On my birthday this year, my boss asked me if I wanted to run a leg of the Vermont City Marathon.  “Why would I do that?” I asked. “Because I’m organizing a team, and it will be fun,” he said. In my slightly drunken stooper, I tried recalling the furthest I’d run since Donovan was born.  I think my mind came to the number 2.  Yup, that sounded right.  2 miles.  “Ok, I’ll do it, but I got dibs on the shortest leg.  How long is the shortest leg?”  3.10 miles.  Ok, if I push myself, I can do that by Memorial Day weekend.

And I did. 

I ended up running my 3 miles in 35 minutes, which is about 5 minutes faster than expected.  I underestimated the power of the cheers heard along my route… people standing outside their houses, people all over downtown, just to watch and cheer runners going by.  “Good job!” “You can do it!” “Keep it up!”  That plus the tunes bumpin’ in my headphones was enough to get me to the end.  Afterwards, I felt I really could’ve run a longer leg. 

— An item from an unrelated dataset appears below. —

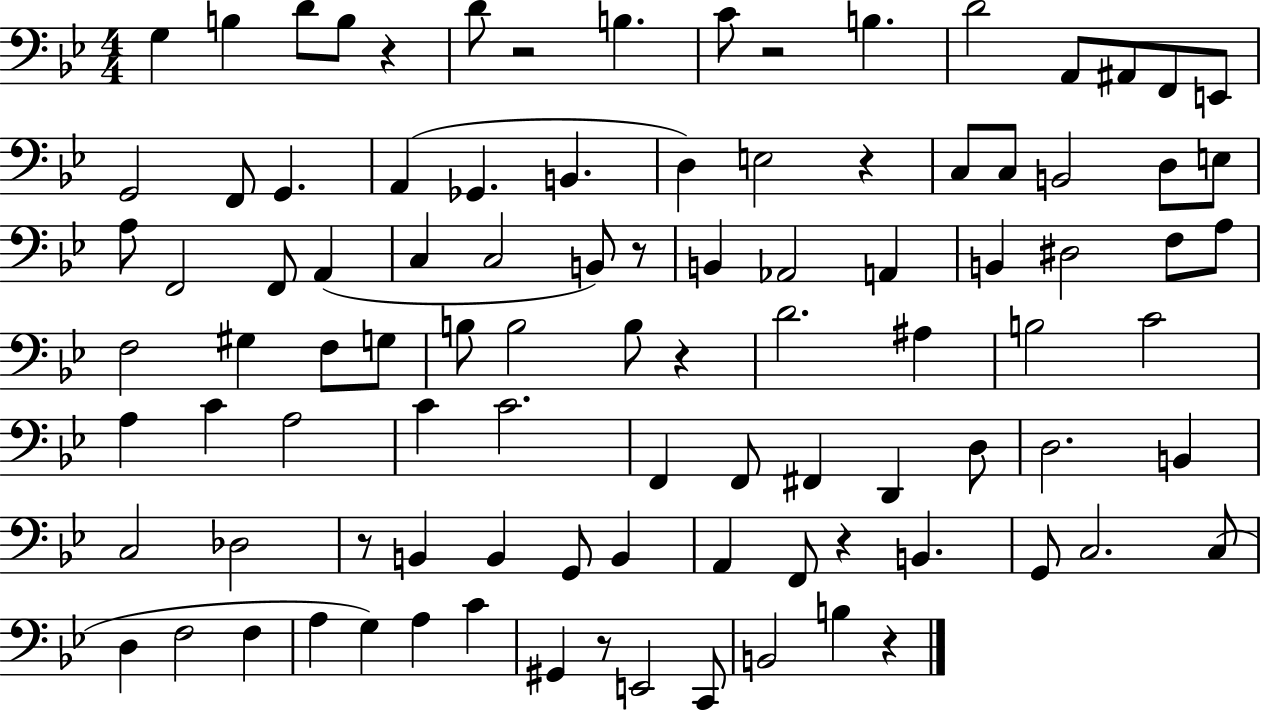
G3/q B3/q D4/e B3/e R/q D4/e R/h B3/q. C4/e R/h B3/q. D4/h A2/e A#2/e F2/e E2/e G2/h F2/e G2/q. A2/q Gb2/q. B2/q. D3/q E3/h R/q C3/e C3/e B2/h D3/e E3/e A3/e F2/h F2/e A2/q C3/q C3/h B2/e R/e B2/q Ab2/h A2/q B2/q D#3/h F3/e A3/e F3/h G#3/q F3/e G3/e B3/e B3/h B3/e R/q D4/h. A#3/q B3/h C4/h A3/q C4/q A3/h C4/q C4/h. F2/q F2/e F#2/q D2/q D3/e D3/h. B2/q C3/h Db3/h R/e B2/q B2/q G2/e B2/q A2/q F2/e R/q B2/q. G2/e C3/h. C3/e D3/q F3/h F3/q A3/q G3/q A3/q C4/q G#2/q R/e E2/h C2/e B2/h B3/q R/q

Did I train for this?  Um, not really.  Since the end of March, I would try to run about 2-3 miles a couple times a week.  Until May.  Then I practically didn’t run at all until the week before the race.  I was nervous.  Thought I’d take forever, or that I might slip and fall, end up with a broken ankle, or a leg cramp.  But I was energized and looking forward to the rest of the day to see how our 5 person relay team ended.

We were all tired and exhausted, but our team finished in 5 hrs 10 min.  Would I ever run a full marathon?  Hell no.  A half?  Maybe.  If I keep up with my running and get into better shape, maybe by next May I’ll have my act together enough to accomplish that.  And if I don’t, oh well.  As our team motto says, “Honey badger don’t care!”